# ACTIVITY
In the records below, find the line with "Πάρνηθα: Ολοκληρώθηκε η" and the line with "NAKON 16 GODINA"; return exactly those lines and every line between them.

# EXCERPTED RECORDS
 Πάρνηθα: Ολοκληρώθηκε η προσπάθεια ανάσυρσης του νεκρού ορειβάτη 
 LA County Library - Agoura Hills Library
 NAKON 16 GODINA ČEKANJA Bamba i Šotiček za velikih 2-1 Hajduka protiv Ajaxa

==

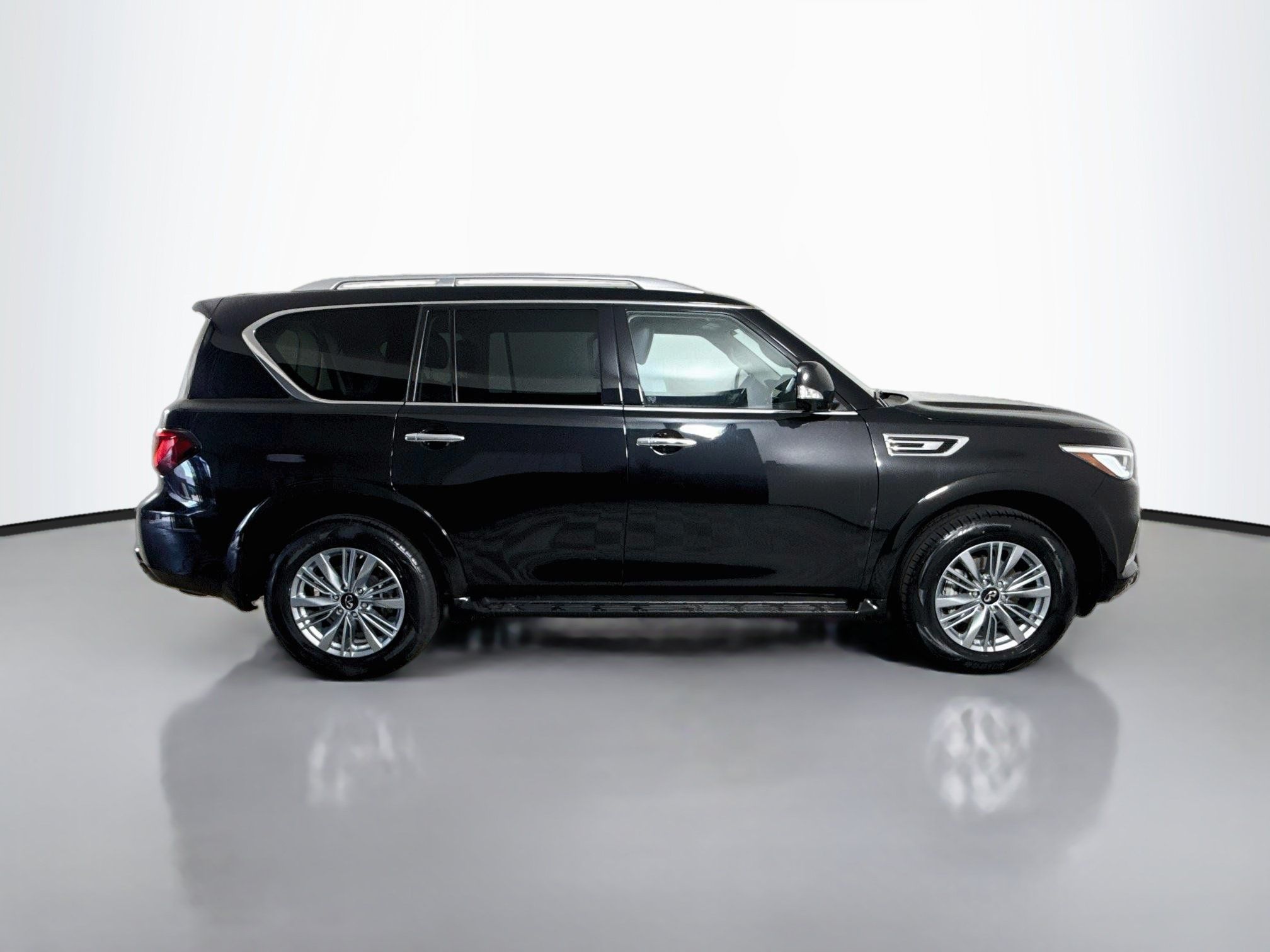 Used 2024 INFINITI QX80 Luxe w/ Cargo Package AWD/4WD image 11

--

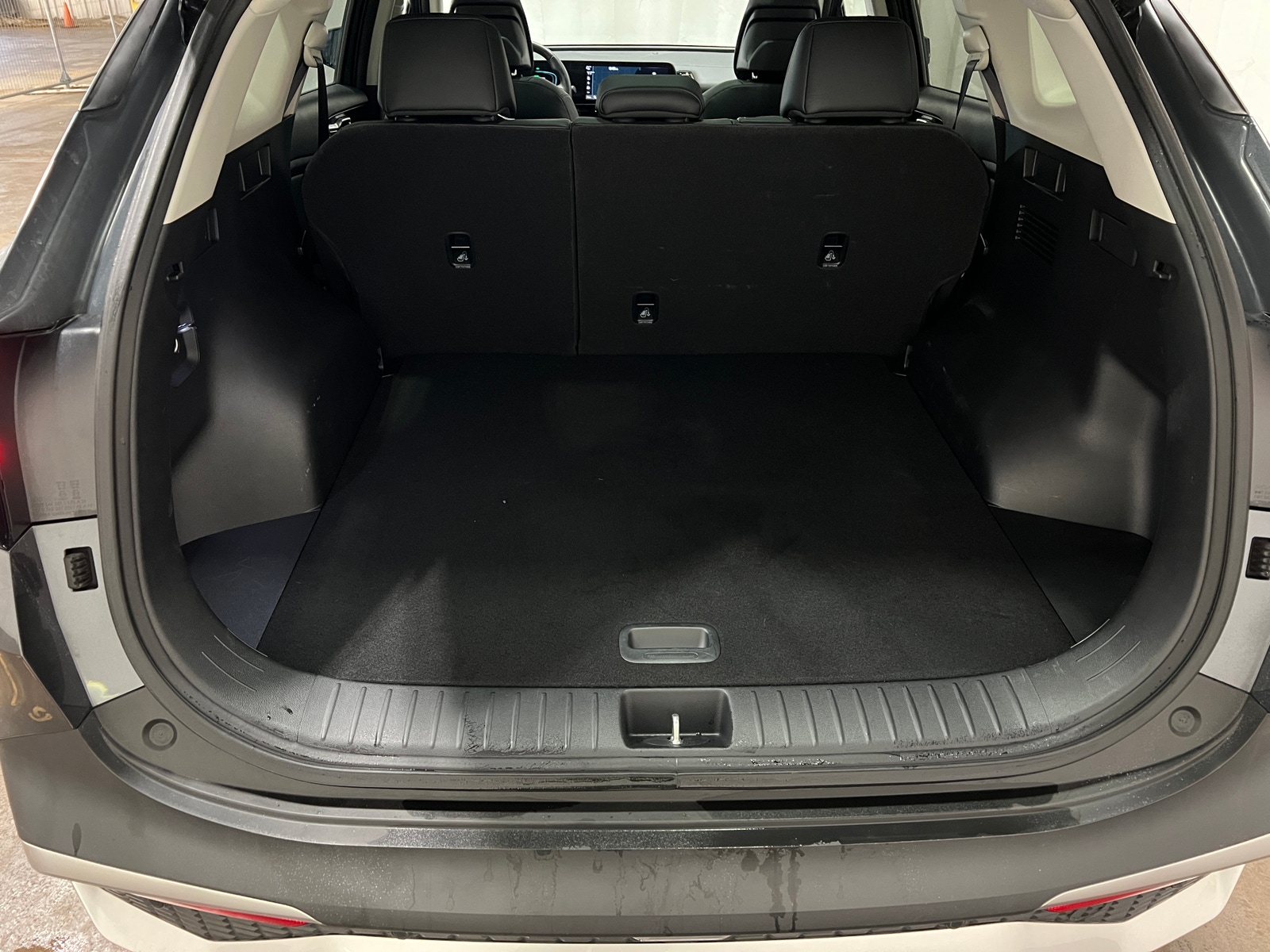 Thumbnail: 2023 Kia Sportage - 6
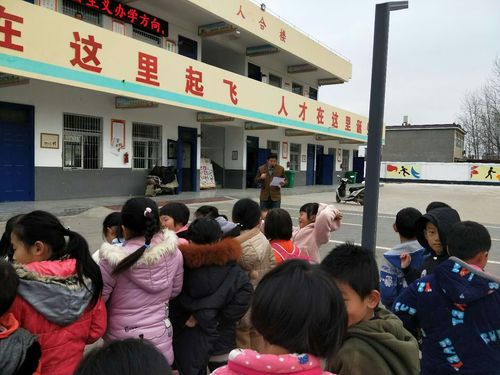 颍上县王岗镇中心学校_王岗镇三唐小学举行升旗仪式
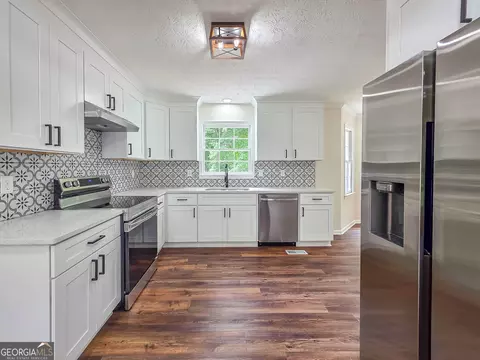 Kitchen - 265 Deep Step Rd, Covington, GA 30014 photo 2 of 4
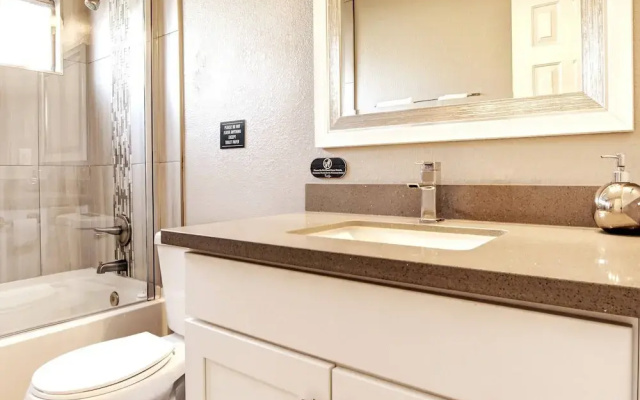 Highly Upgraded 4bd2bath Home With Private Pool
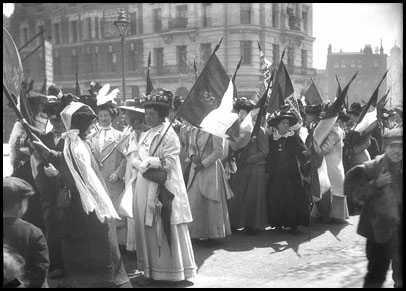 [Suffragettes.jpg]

# SOLUTION TO THE PROBLEM
 Πάρνηθα: Ολοκληρώθηκε η προσπάθεια ανάσυρσης του νεκρού ορειβάτη 
 LA County Library - Agoura Hills Library
 NAKON 16 GODINA ČEKANJA Bamba i Šotiček za velikih 2-1 Hajduka protiv Ajaxa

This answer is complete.